Minimum distance between curves We define $$f: \mathbb{R} \to \mathbb{R^3}, f(x)=\begin{pmatrix}
cos(\pi \cdot x) \\
sin(\pi\cdot x) \\
1-x^2
\end{pmatrix}$$
Problem: Calculate the minimum distance to the point of orign 
My ideas:
The distance is definded by:
$$d(x)=\sqrt{|(cos(π⋅x)-0)^2|+|(sin(π⋅x)-0)^2|+|((1-x^2)-0)^2}|$$
$$d(x)=\sqrt{|(cos(π⋅x))^2|+|(sin(π⋅x))^2|+|(1-x^2)^2}|$$
The minimum distance is the extrema of the first derivation, so I have to calculate $$d'(x)=0$$
As solution I get x=-1 or x=0 or x=1 (Wolfram Alpha)
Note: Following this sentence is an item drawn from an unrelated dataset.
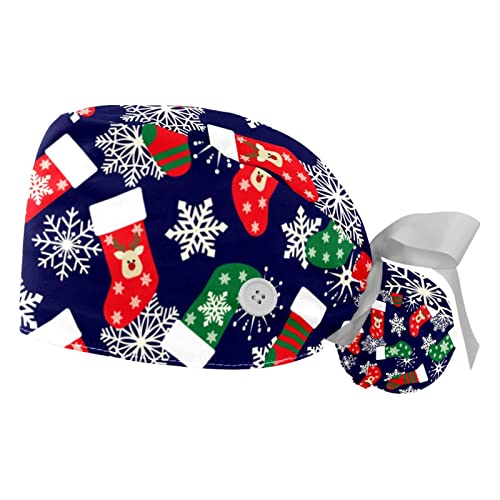 Chapeaux bouffants casquettes de travail ajustables JDEZ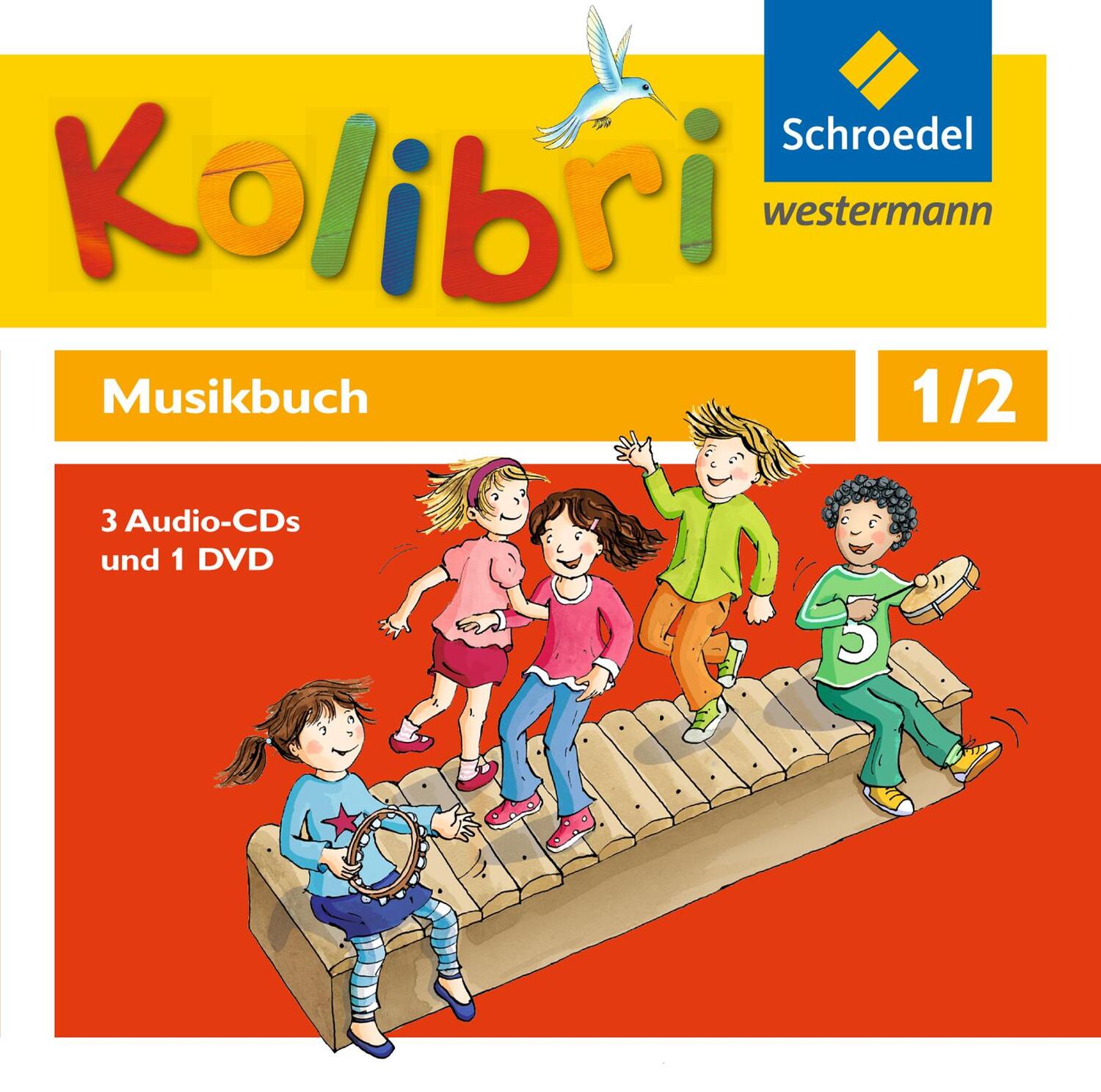 Cover: 9783507027824 | Kolibri - Musikbuch 1 / 2. Hörbeispiele und Tanz-DVD. Allgemeine...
But I'm not actually sure absout the solution and I don't know how to solve it without calculator.
Thanks in advance!
 A: You're on the right track, you can minimize distance squared though. Try minimizing
$$
d^2(x)=f(x)=(\cos\pi x)^2+(\sin \pi x)^2+(1-x^2)^2=1+(1-x^2)^2
$$
Then we have, for a minimum
$$
f'(x)=-4x(1-x^2)=x^3-x=0\implies x=0,x=\pm1
$$
and 
$$
f''(x)=12x^2-4
$$
Meaning we have a maximum at $x=0$ and minima at $x=\pm 1$
A: A geometric rather than an analytical approach would be the following:
The x and y values of the curve describe a circular motion (as the free variable $t$ increases, not the substition $x \rightarrow t$ here), projected on the x-y-plane, this is a circle around $(0,0)$. 
All the points on a circle around the origin have the same distance to the origin in the x-y-plane. Hence, only the z-component $1-t^2$ is of imprortance to the distance. As a function of $t$, the z-component is a parabola which is closest to $0$ (in fact, equal to $0$) at the points $t=\pm1$.
A: You can continue, knowing that place where maximum of its square occurs is also the same.
$$ d^2(x) = y (x) = 1 + (1-x^2)^2 = 2 - 2 x^2 + x^4 $$
Derivative =0,
$$ 4x = 4 x^3,\ \quad x(1-x)(1+x) = 0 $$
gives WA result. Next derivative finds where max/min occur for above cubic.